> _What you are asked to do_
Leaving out pictures, output exactly the lines below from the one that has "Dripping lungs symbol" through the one that has "Hurtownia GSM - Adaptér", and nothing else.

> _Record excerpts_
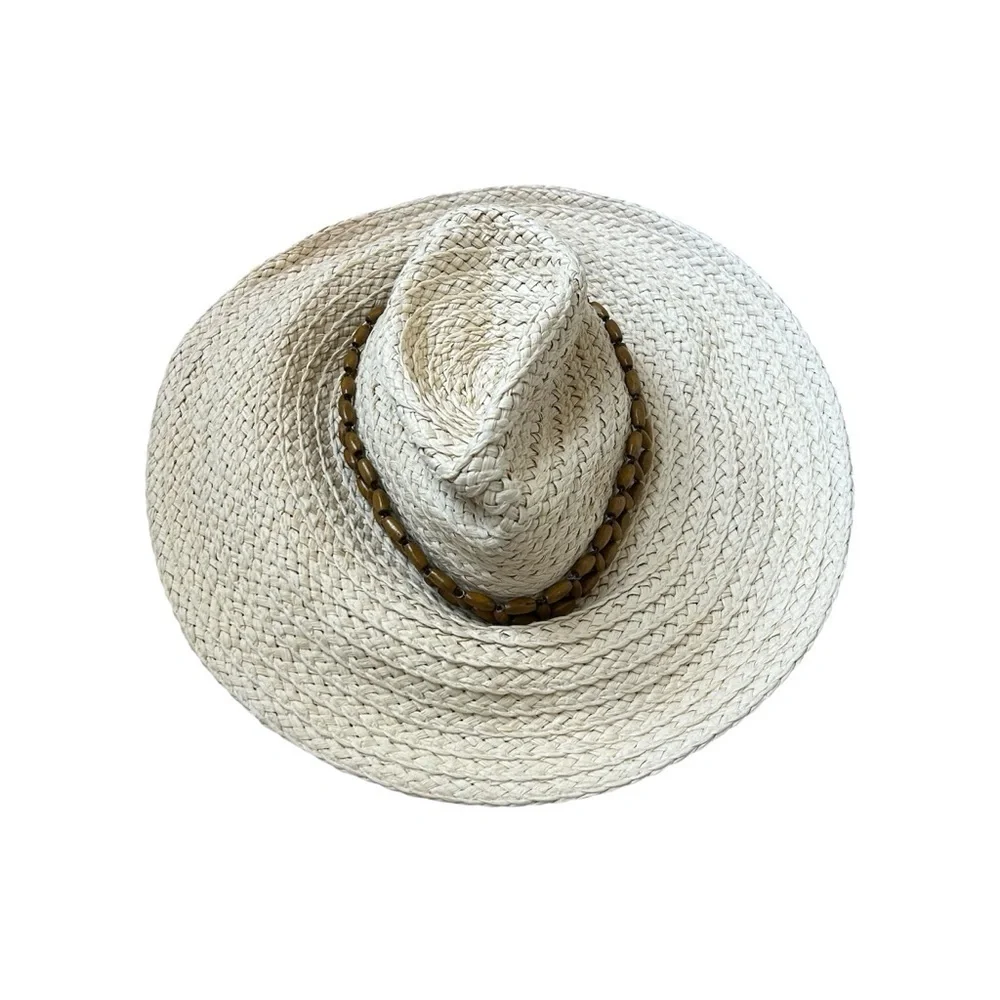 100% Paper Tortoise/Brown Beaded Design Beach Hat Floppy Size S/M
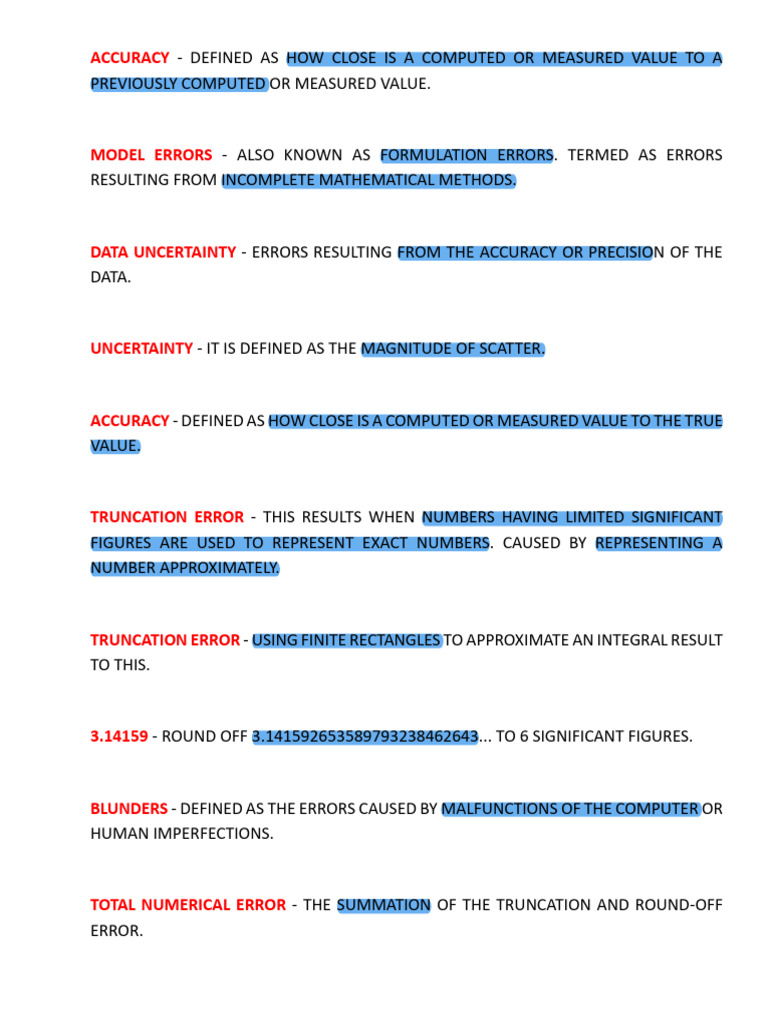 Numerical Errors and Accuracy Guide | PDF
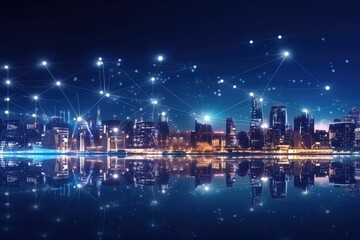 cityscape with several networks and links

==

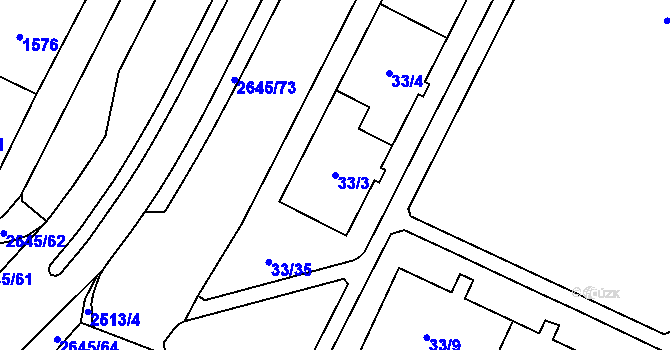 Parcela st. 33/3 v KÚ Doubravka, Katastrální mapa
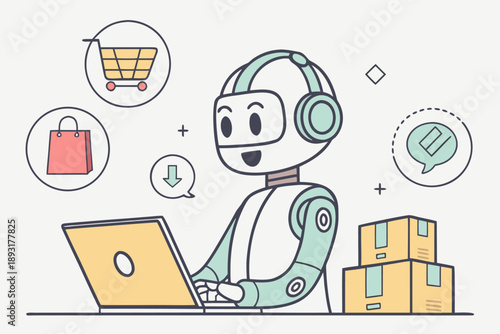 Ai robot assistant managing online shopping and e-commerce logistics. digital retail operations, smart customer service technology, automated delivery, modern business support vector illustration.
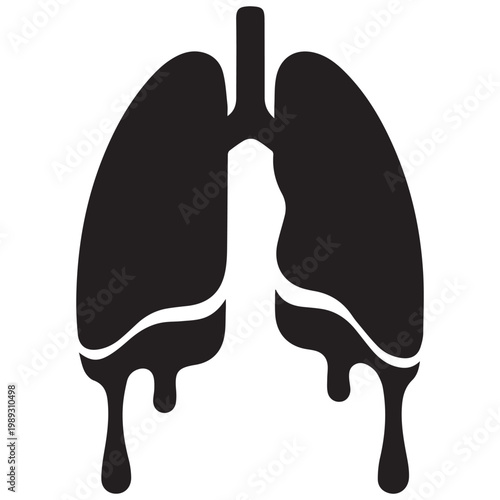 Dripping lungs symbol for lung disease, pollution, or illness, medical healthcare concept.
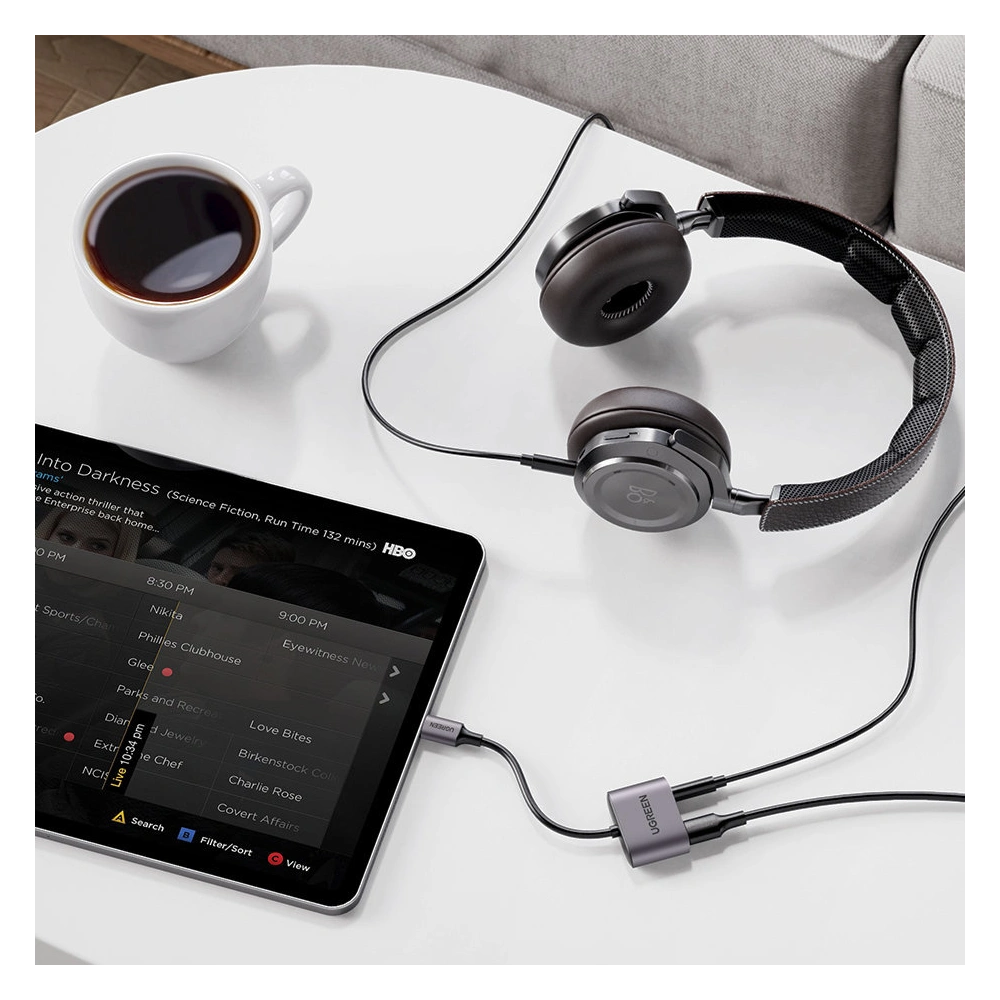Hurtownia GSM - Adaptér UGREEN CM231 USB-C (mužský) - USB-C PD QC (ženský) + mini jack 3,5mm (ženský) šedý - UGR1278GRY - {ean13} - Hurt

> _Answer to this task_
 Dripping lungs symbol for lung disease, pollution, or illness, medical healthcare concept.
Hurtownia GSM - Adaptér UGREEN CM231 USB-C (mužský) - USB-C PD QC (ženský) + mini jack 3,5mm (ženský) šedý - UGR1278GRY - {ean13} - Hurt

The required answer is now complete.